Especialmente cuando la
literatura ha renunciado a su tradicional papel de educador en humanidad,
cuando ha dejado de enseñarnos a identificar las emociones y los apetitos, y nos
ha dejado a merced de los medios de comunicación de masas, que presentan un
modelo muy rudimentario: atracción sexual, ambición de dominio, deseo de
venganza, afán descontrolado de éxito,… todo ello presentado de modo primitivo
y sin matices. Y así: sin conocimiento propio, sin saber adónde dirigirnos ni
qué hacer para sacar de nosotros -en palabras de Machado- “hombres buenos”,
condenados a acumular experiencias desconectadas entre sí, que ya no sabemos si
nos construyen o nos destruyen, y sin sospechar siquiera que somos libres para
dirigirnos a nuestra propia perfección –perfección cuya simple posibilidad hace
tiempo que ha desaparecido del horizonte-; así, es muy difícil elegir bien.
Y, por otra parte, como
el único criterio aceptado son las propias emociones y creencias, la sentencia
que asegura que «sobre gustos no hay nada escrito» -cuya falsedad podemos
poner en evidencia con sólo asomarnos a cualquier enciclopedia
de Historia del Arte-, ha adquirido un valor prácticamente universal, y se
aplica a todo el ámbito de la belleza.
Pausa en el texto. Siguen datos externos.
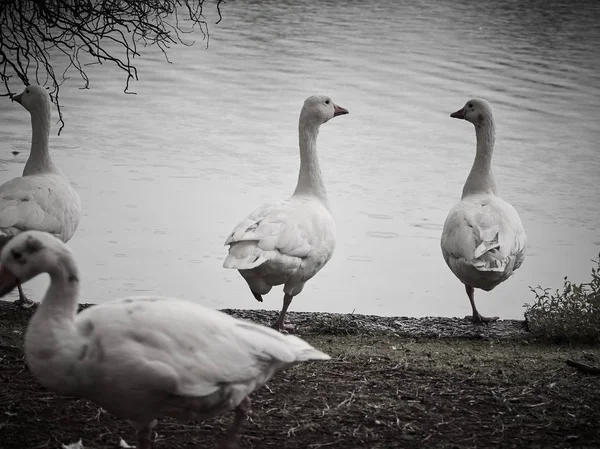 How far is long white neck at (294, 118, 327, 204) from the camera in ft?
23.3

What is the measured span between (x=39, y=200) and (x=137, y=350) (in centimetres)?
333

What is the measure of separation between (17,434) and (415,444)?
1859 mm

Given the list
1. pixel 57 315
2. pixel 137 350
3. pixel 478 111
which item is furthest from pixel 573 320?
pixel 57 315

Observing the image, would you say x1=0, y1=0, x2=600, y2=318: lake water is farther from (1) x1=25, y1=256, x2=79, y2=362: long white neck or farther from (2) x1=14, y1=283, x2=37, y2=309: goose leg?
(1) x1=25, y1=256, x2=79, y2=362: long white neck

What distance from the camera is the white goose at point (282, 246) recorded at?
5.77 metres

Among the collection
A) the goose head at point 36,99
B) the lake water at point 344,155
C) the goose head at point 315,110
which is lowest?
the lake water at point 344,155

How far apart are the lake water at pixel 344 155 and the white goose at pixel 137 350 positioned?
3698 millimetres

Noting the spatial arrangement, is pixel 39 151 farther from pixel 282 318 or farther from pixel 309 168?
pixel 282 318

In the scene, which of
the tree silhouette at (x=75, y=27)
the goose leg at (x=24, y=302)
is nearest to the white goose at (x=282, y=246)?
the tree silhouette at (x=75, y=27)

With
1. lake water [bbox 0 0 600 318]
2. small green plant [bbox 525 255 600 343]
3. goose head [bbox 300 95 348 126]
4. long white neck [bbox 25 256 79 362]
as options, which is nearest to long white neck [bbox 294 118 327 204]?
goose head [bbox 300 95 348 126]

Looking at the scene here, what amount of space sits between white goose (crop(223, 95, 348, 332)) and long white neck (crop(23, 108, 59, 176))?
1978mm

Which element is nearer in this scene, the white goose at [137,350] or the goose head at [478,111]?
the white goose at [137,350]

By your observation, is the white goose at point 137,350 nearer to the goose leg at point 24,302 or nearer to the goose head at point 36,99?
the goose leg at point 24,302

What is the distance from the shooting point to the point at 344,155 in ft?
37.6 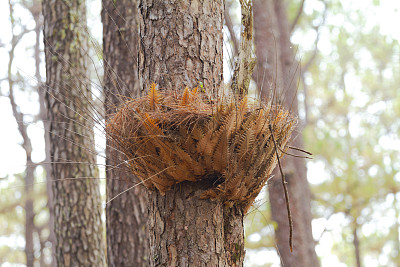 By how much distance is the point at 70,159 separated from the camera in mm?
4152

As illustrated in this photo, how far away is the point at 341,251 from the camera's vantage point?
36.8 feet

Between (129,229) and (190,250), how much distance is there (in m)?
2.37

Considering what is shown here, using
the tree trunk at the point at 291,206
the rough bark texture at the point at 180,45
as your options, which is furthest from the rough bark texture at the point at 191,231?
the tree trunk at the point at 291,206

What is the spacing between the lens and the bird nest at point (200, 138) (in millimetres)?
1604

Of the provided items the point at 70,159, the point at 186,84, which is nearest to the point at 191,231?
the point at 186,84

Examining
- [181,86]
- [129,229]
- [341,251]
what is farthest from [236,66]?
[341,251]

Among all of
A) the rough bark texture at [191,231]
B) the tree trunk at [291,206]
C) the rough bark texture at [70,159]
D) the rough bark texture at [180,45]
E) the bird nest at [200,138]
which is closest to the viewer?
the bird nest at [200,138]

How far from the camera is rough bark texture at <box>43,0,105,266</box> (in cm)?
409

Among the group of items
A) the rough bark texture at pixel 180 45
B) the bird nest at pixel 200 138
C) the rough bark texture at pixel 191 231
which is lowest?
the rough bark texture at pixel 191 231

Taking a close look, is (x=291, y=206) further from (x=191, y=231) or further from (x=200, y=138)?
(x=200, y=138)

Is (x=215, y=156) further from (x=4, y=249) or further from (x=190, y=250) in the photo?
(x=4, y=249)

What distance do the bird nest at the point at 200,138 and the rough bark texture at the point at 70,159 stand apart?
2.44 meters

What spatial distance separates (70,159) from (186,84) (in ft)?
8.43

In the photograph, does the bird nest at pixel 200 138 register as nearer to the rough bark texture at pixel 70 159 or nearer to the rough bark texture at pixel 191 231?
the rough bark texture at pixel 191 231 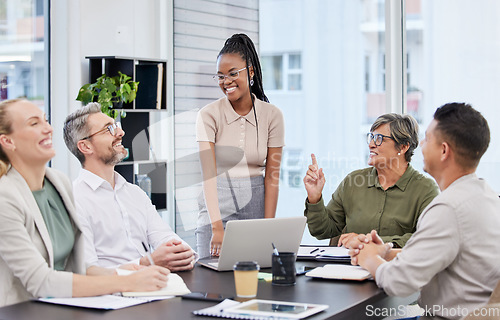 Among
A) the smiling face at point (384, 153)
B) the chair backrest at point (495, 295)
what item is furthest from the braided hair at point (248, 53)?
the chair backrest at point (495, 295)

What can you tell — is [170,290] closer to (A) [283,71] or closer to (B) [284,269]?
(B) [284,269]

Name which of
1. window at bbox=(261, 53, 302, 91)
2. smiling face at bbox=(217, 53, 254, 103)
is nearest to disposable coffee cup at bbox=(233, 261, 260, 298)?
smiling face at bbox=(217, 53, 254, 103)

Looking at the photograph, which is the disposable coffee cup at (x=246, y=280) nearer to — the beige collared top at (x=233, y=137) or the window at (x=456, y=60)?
the beige collared top at (x=233, y=137)

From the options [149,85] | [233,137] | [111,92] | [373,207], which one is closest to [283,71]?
[149,85]

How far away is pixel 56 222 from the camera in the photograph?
7.37 feet

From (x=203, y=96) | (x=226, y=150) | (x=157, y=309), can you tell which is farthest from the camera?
(x=203, y=96)

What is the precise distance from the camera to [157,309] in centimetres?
186

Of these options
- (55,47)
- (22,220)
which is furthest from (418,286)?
(55,47)

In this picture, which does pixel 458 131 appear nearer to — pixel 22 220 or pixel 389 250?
pixel 389 250

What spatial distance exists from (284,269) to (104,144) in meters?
1.04

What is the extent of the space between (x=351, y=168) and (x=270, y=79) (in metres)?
0.97

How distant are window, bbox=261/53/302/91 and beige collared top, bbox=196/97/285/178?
4.90 ft

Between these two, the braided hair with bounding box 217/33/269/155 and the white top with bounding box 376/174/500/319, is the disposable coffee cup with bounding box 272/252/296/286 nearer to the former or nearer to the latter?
the white top with bounding box 376/174/500/319

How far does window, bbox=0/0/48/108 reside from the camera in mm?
4391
Pero es una belleza entendida en un
sentido muy pobre, devaluada, reducida casi exclusivamente a lo artificial, que
es justamente donde lo bello, por su menor categoría, por su menor «densidad
ontológica» resulta más problemático, más difícil de distinguir de lo que no lo
es.
Y esto es decisivo,
porque la belleza es una necesidad esencial del hombre. Pero pasa como con el
descubrimiento de la verdad y del bien: la apreciación de la belleza requiere
un empeño continuado en adquirir los hábitos necesarios que nos con-naturalicen
con ella. Y como esta formación interior ya sólo se ofrece en contadas
ocasiones -y ni siquiera es bien recibida-, buena parte de lo que hoy pasa por
“arte” y “cultura” incapacita para apreciar la belleza de más alto rango, la
que enriquece nuestra maltrecha y deteriorada humanidad. Y ya, sin la
preparación necesaria para apreciarla, sin aprendizaje y sin
entrenamiento, quedamos a expensas de las vivencias que crean éxtasis -como las
drogas- o que bombardean con impresiones que embotan la sensibilidad –como la
sucesión de sonidos estentóreos, imágenes y ráfagas-, o nos zarandean con
sensaciones fuertes –lo horrendo, lo macabro, lo atroz- que activan
pasajeramente nuestra emotividad.
¿Cómo sorprendernos,
luego, de estos lodos? La post-verdad es más amplia, y tiene más calado, de lo que nos dice Oxford Dictionaries.